In this article today, I can offer some nifty tips for those who possess a basic skill level in Zend framework 2, and want to create modules that are useful, versatile and value-adding. I have observed that many modules do not observe the simplest of rules when it comes to power of usage and functionality. Hence, these tips will help out developers who have the will to create something good, powerful and tailor-made for their clients.
Here are what I feel can be some crucial tips to write high quality, high performance modules for Zend framework 2 –
Before you start working your groundbreaking idea into a stellar module for Zend framework 2, you need to check if an identical module has already been written by someone. If there is one already in existence, you can send pull requests and help make it better, instead of creating a new, redundant module. Run a search with your chosen keywords and ensure that you are making something entirely new and unique.
To make your modules more flexible and conducive for tailor-made configuration, if your module has features can be configured to suit the user’s needs, add to them the option of configuring them.
Try to always set your hard dependencies in the constructor. To avoid possibilities of exception errors, avoid setter/getter code and initializers.
Zend 2 closures are not cache-able, and it is more efficient to make use of explicit class factories and define them in the module configuration file.
To keep things as open as possible, use the service manager to create most of your objects for more transparency in dependencies.
I have found untested modules to be a cause of major concern in the past. Create unit tests for your modules compulsorily, to ensure that they are well-written and function without problems.
Not unlike other important frameworks of the present time, Zend 2 has a number of strict code conventions that I recommend every developer should know in detail about. Apart from the industry standard PSR-0/1/2 conventions, there are also some important conventions about where you need to store your files. For example, if your module has many different options, it is always better coding to centralize these into an Options class.
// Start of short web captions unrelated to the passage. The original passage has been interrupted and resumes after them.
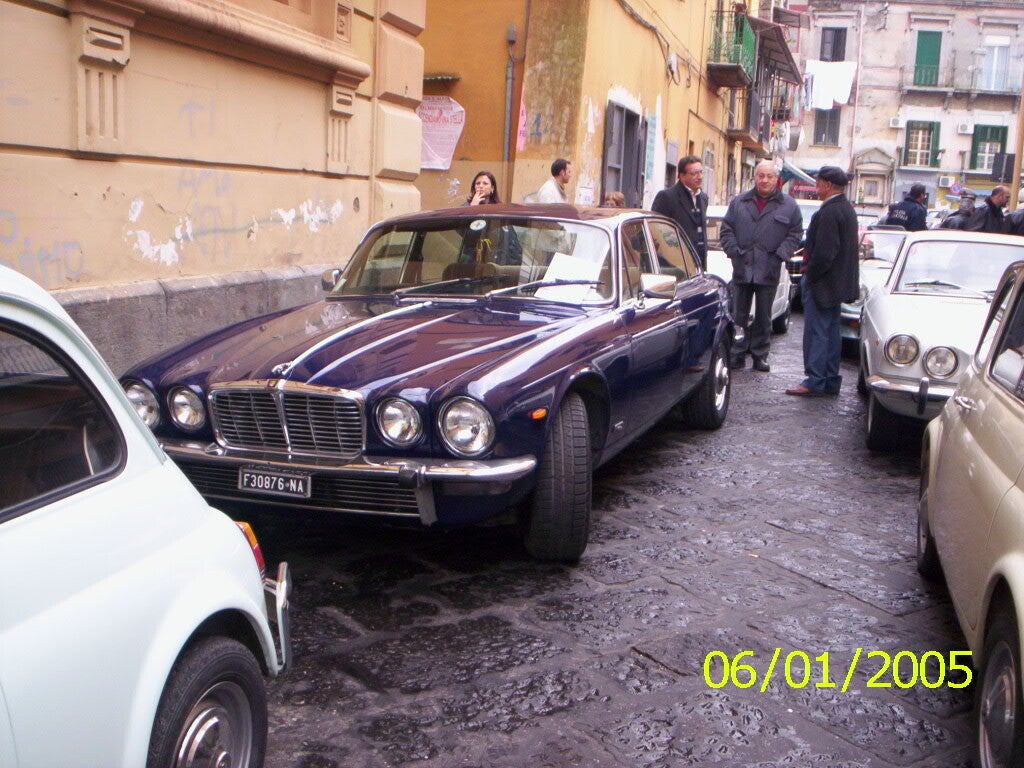 000_0119-standard.jpg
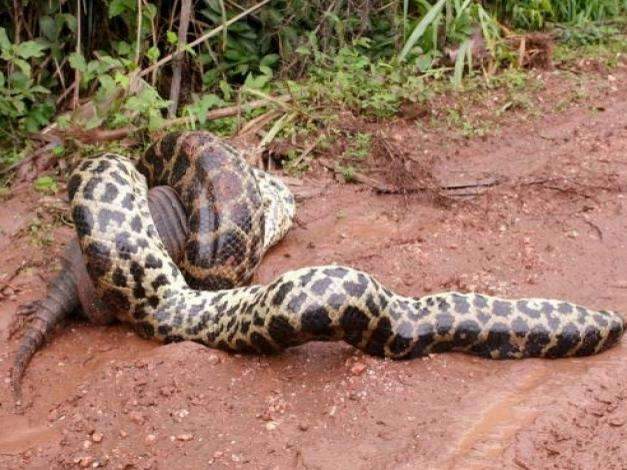 Cineasta filma sucuri engolindo tatu-galinha no Pantanal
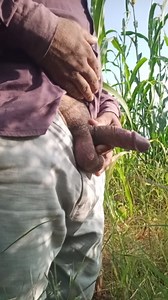 Caught cruising by big dick grandpa videos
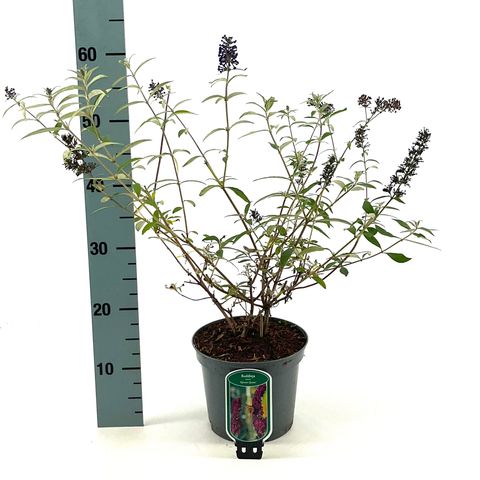 Buddleja davidii 'African Queen'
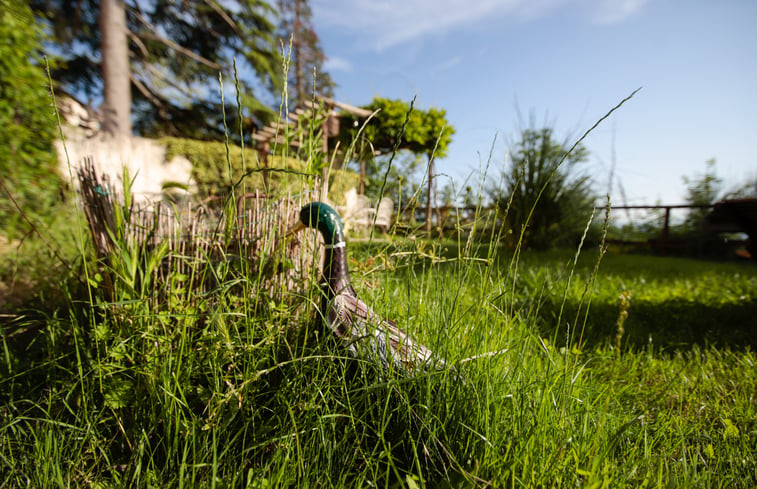 Natuurhuisje in Ponzone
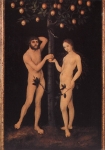  – Image Gallery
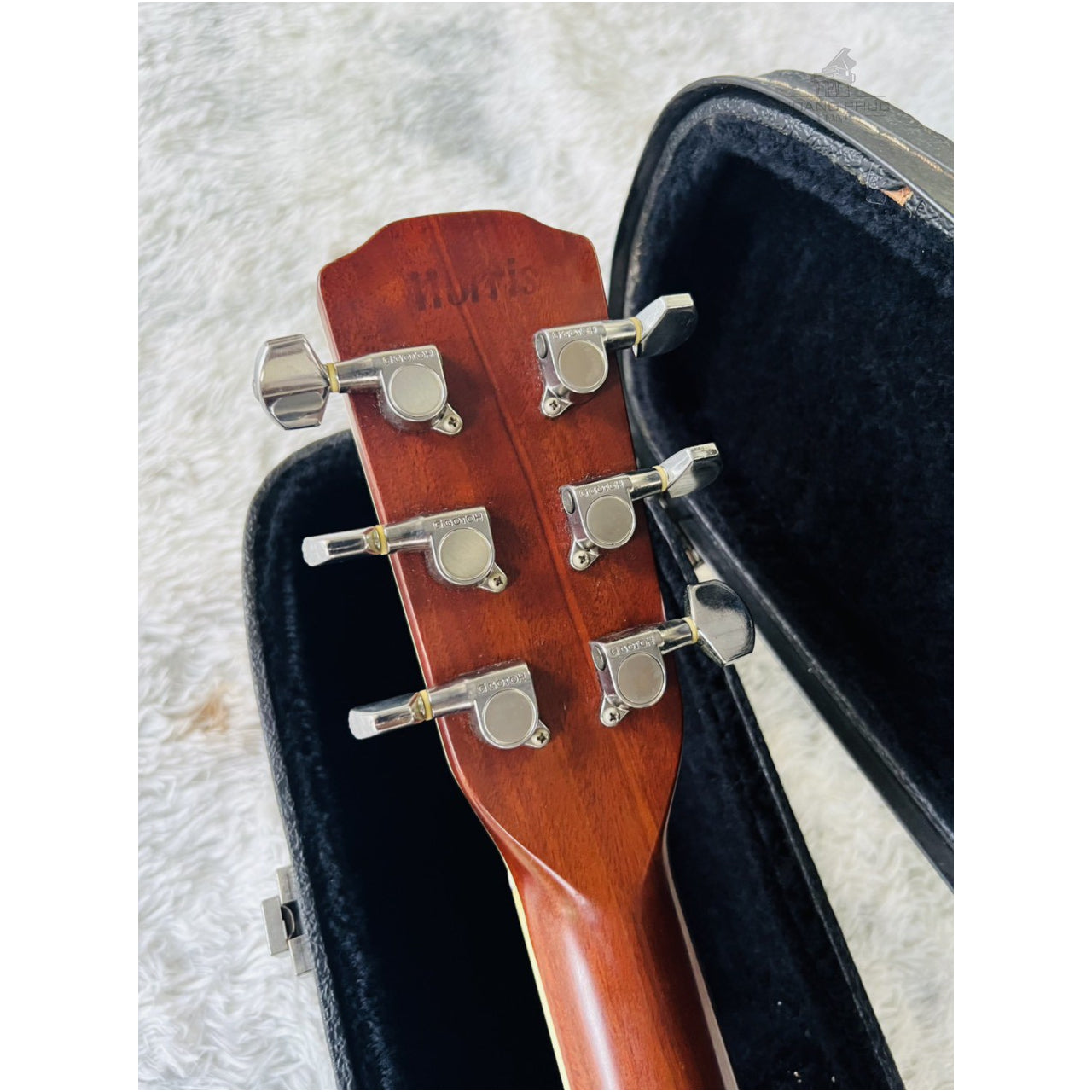 Đàn Guitar Acoustic Morris M50 - Qua Sử Dụng - Việt Music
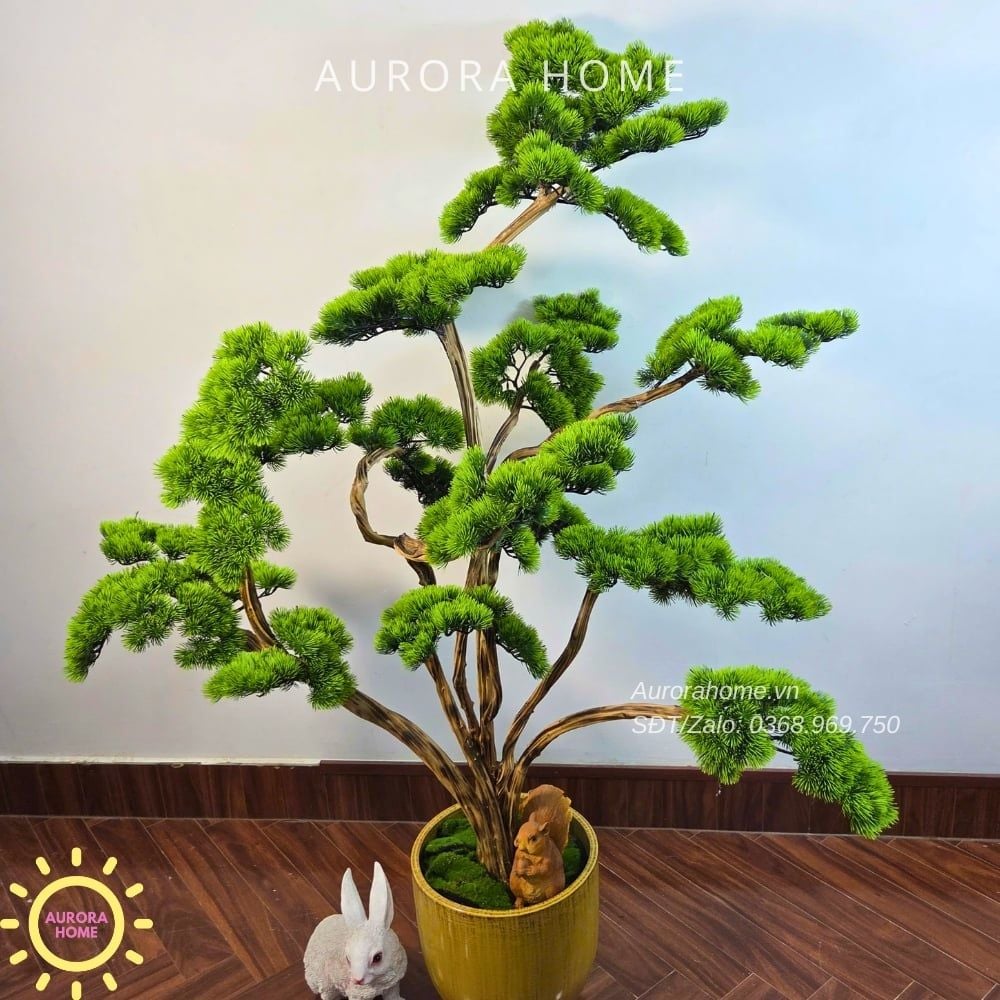 Cây tùng bonsai tán tầng thiết kế theo yêu cầu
Like many developers, I have found that using Composer to handle inter-module dependencies can have its advantages. When your module is complete and ready for use, make sure that you host it both at the Zend framework 2 modules page, and with Packagist.
Remember that Zend is a modular framework, and many users might not like having to download the entire framework to resolve the dependencies in your module. To make it easier for users, set only those dependencies that you absolutely need.